The present-day U.S. military qualifies by any measure as highly professional, much more so than its Cold War predecessor. Yet the purpose of today’s professionals is not to preserve peace but to fight unending wars in distant places. Intoxicated by a post-Cold War belief in its own omnipotence, the United States allowed itself to be drawn into a long series of armed conflicts, almost all of them yielding unintended consequences and imposing greater than anticipated costs. Since the end of the Cold War, U.S. forces have destroyed many targets and killed many people. Only rarely, however, have they succeeded in accomplishing their assigned political purposes. . . . [F]rom our present vantage point, it becomes apparent that the “Revolution of ‘89” did not initiate a new era of history. At most, the events of that year fostered various unhelpful illusions that impeded our capacity to recognize and respond to the forces of change that actually matter.

Andrew Bacevich


Thursday, October 28, 2010

News of the Day for Thursday, October 28, 2010

As I indicated might happen, this will be a quickie post. -- C

Reported Security Incidents

Kirkuk

Ansar al-Sunna resurfaces, kidnapping the daughters of a Kurdish tribal leader and demanding the release of seven of its members from prison. The father, Walid Jalal Agha, managed to kill one of the attackers but they still escaped with the hostages. Ansar al-Sunna, formerly known as Ansar al-Islam, is the Kurdish Islamist group which George W. Bush and Colin Powell falsely claimed was somehow harbored by Saddam Hussein as part of the campaign of lies which they used to justify the invasion of Iraq. In fact, during the Saddam era, the group operated in Iraqi Kurdistan, protected from Saddam Hussein by U.S. and British air power, which was lucky for them because Saddam was trying to kill them. Their leader, known as Mullah Krekar, was at that time enjoying political asylum in Norway for precisely that reason. Saddam is gone, but they are still there. --C

Bursa, near Mosul

One police officer killed and seven injured in a suicide car bombing of police headquarters.

Baghdad

KUNA describes three attacks on public officials.

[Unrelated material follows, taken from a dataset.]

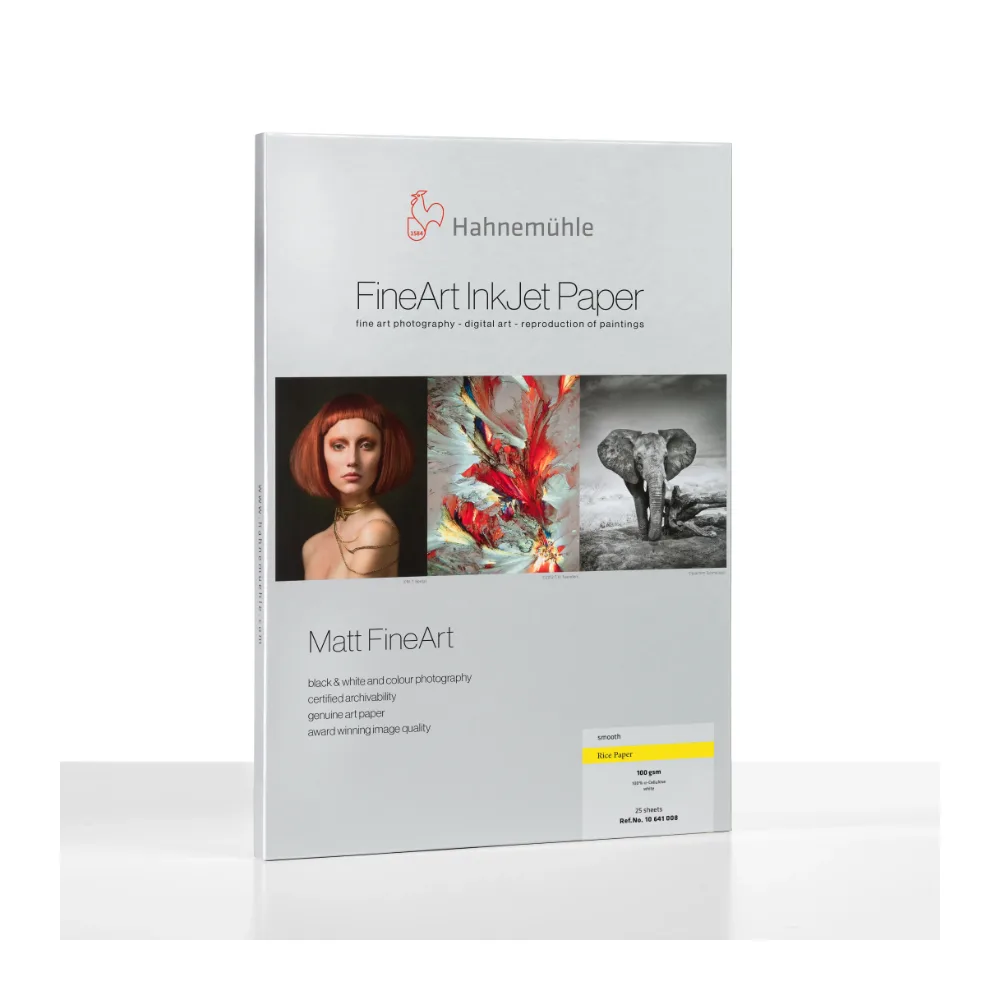 Papier Hahnemühle Rice Paper 100 g/m² – oryginalne opakowanie Hahnemühle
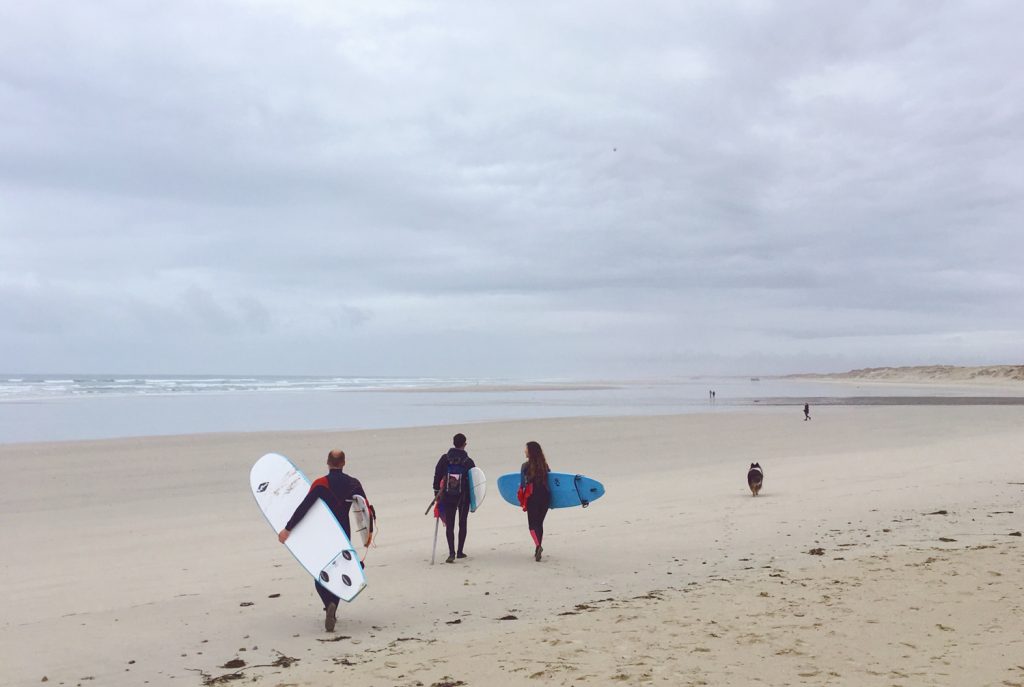 Surf à La Torche - Finistère, Bretagne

1) A police source told KUNA that unidentified militants planted a bomb in the car of Brigadier Abdulrazzaq Abdulwahab who works at the oil facilities protection department. The bomb exploded as Abdulwahab was driving his car in Al-Aamil neighborhood, killing him immediately and damaging his car and several close civilian vehicles, he added.
2) Another bomb exploded in the car of Brigadier Hussein Mahdi Jumaa in the same neighborhood, who was injured.
3) A third bomb exploded in the car of an employee in the Reconstruction and Housing Ministry in Al-Karrada neighborhood in central Baghdad, injuring him.

Other News of the Day

Governor of Salah U'Din Province Khaled Hassan Mehdi is suspended for alleged ties to the Baath Party. This is of course just more of the settling of scores which threatens the integrity of the Iraqi state. -- C Excerpt:

Provincial politicians speaking on condition of anonymity suggested that the allegations against Mehdi were a settling of accounts by supporters of former governor Mutasher Hussein Ellewi, who was sacked for alleged corruption in 2009.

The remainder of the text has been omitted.